What you have to do: Although the data below holds other lines too, output only those from the line with "Bague Art Déco" up to and including the line with "1849 Kenley Way, Alvin, TX", exactly as they appear.
[Information supplied — start]
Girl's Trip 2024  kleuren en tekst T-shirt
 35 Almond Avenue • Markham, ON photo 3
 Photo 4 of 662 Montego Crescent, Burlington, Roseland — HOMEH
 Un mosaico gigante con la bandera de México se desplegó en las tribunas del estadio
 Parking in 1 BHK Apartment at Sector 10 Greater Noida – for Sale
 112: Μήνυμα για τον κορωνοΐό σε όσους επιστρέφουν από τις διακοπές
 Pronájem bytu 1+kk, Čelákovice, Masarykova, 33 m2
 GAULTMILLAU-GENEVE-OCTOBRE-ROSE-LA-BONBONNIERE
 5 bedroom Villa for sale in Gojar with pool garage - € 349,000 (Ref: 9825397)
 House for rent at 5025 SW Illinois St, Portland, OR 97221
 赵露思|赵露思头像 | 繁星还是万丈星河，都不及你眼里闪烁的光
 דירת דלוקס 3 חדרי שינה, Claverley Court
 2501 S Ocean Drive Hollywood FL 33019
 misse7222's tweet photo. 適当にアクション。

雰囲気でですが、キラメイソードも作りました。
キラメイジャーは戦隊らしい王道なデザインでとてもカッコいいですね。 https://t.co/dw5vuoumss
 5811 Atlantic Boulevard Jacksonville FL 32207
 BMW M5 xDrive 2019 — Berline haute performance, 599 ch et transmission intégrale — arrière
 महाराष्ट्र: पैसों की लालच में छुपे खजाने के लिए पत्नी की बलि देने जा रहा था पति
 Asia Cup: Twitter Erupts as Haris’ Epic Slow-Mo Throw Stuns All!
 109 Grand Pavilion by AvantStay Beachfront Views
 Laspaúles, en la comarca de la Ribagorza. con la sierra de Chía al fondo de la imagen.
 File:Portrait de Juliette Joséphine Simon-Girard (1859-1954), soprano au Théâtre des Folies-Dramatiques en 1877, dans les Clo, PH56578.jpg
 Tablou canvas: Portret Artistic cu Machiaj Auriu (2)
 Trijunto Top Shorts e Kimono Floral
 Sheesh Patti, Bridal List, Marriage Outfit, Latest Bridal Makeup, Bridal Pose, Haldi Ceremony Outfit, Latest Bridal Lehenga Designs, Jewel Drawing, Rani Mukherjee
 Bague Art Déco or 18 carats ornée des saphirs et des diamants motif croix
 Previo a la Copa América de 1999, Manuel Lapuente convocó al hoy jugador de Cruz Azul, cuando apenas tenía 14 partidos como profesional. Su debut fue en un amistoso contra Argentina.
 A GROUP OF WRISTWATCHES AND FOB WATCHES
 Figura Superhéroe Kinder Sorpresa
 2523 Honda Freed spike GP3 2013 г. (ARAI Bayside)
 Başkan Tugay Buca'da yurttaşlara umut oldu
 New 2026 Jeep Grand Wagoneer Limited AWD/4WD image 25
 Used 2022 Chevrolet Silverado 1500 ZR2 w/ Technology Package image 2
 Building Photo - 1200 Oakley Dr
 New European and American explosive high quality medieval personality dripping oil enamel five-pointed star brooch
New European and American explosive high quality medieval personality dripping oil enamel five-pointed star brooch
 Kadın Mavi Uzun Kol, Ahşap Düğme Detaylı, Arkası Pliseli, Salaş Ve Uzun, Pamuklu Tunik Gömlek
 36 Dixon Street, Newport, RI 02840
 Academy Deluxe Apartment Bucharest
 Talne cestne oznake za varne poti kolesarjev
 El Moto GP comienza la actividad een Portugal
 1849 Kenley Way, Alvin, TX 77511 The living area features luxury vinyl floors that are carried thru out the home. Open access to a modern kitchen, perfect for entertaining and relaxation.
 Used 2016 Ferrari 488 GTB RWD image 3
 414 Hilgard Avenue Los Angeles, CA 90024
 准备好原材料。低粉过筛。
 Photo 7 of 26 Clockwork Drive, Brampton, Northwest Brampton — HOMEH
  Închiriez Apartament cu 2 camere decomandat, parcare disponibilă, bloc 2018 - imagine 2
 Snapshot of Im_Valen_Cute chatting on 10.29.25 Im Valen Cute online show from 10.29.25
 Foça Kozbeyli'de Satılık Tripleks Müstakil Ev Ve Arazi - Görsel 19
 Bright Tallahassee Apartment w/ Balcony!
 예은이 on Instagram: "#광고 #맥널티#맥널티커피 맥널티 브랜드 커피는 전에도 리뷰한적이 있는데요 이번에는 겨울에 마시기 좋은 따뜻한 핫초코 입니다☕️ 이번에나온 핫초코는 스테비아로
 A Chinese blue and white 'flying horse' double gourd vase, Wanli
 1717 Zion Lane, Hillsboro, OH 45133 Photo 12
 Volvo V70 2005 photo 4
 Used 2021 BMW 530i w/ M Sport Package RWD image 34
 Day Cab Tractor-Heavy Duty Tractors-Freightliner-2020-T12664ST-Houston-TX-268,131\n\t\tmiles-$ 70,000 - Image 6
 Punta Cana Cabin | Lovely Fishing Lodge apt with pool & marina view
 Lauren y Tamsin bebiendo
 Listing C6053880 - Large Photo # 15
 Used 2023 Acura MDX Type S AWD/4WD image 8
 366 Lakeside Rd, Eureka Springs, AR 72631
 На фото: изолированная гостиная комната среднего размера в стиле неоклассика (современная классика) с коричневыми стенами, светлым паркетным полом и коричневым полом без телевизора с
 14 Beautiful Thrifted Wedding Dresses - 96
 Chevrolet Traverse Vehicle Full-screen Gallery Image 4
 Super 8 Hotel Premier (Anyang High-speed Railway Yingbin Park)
[Information supplied — finish]
Finished task:
 Bague Art Déco or 18 carats ornée des saphirs et des diamants motif croix
 Previo a la Copa América de 1999, Manuel Lapuente convocó al hoy jugador de Cruz Azul, cuando apenas tenía 14 partidos como profesional. Su debut fue en un amistoso contra Argentina.
 A GROUP OF WRISTWATCHES AND FOB WATCHES
 Figura Superhéroe Kinder Sorpresa
 2523 Honda Freed spike GP3 2013 г. (ARAI Bayside)
 Başkan Tugay Buca'da yurttaşlara umut oldu
 New 2026 Jeep Grand Wagoneer Limited AWD/4WD image 25
 Used 2022 Chevrolet Silverado 1500 ZR2 w/ Technology Package image 2
 Building Photo - 1200 Oakley Dr
 New European and American explosive high quality medieval personality dripping oil enamel five-pointed star brooch
New European and American explosive high quality medieval personality dripping oil enamel five-pointed star brooch
 Kadın Mavi Uzun Kol, Ahşap Düğme Detaylı, Arkası Pliseli, Salaş Ve Uzun, Pamuklu Tunik Gömlek
 36 Dixon Street, Newport, RI 02840
 Academy Deluxe Apartment Bucharest
 Talne cestne oznake za varne poti kolesarjev
 El Moto GP comienza la actividad een Portugal
 1849 Kenley Way, Alvin, TX 77511 The living area features luxury vinyl floors that are carried thru out the home. Open access to a modern kitchen, perfect for entertaining and relaxation.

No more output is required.